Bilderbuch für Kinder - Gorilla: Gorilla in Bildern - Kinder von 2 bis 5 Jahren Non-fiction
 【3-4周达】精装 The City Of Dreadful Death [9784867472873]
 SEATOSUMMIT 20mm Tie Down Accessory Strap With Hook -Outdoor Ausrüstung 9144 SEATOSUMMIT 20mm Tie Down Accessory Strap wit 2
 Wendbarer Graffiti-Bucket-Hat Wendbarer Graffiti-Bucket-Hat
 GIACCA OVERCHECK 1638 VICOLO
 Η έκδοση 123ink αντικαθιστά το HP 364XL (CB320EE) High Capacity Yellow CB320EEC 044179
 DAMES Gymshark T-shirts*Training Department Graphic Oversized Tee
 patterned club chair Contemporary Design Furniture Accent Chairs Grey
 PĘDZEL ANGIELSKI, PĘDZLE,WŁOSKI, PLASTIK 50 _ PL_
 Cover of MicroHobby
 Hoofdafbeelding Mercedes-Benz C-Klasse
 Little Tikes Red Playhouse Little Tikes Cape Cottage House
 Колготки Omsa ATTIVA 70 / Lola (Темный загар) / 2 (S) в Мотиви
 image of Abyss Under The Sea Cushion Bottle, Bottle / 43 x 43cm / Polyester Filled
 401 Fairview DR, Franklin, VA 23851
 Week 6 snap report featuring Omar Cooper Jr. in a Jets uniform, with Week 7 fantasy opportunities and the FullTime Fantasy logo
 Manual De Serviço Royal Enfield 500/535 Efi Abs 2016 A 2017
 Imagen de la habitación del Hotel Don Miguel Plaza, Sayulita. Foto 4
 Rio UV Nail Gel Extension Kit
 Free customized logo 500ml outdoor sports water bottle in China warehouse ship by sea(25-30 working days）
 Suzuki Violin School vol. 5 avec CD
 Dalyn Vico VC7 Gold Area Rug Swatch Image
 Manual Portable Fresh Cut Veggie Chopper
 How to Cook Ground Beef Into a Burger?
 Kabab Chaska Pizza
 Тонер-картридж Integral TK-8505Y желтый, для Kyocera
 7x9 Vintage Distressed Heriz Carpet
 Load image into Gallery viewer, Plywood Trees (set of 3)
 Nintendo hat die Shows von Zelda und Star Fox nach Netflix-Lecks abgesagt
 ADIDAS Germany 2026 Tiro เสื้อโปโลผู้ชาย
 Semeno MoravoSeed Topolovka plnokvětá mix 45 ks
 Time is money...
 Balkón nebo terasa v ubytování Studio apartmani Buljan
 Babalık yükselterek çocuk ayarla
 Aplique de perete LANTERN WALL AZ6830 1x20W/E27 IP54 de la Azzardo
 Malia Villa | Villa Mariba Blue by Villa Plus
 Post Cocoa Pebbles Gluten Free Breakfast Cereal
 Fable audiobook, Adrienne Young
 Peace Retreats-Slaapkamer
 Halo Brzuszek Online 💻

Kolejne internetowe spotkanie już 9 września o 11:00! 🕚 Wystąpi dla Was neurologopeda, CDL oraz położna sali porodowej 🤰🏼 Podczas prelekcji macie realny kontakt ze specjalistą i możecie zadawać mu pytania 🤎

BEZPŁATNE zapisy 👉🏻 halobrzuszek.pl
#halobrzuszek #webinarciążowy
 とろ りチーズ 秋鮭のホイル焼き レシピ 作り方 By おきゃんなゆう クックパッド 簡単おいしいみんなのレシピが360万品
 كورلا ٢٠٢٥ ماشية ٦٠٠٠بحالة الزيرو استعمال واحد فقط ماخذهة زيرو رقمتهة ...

▸ **EXERCISE**
Bring together each line above where the string "halobrzuszek" turns up.

▸ **EXPECTED ANSWER**
BEZPŁATNE zapisy 👉🏻 halobrzuszek.pl
#halobrzuszek #webinarciążowy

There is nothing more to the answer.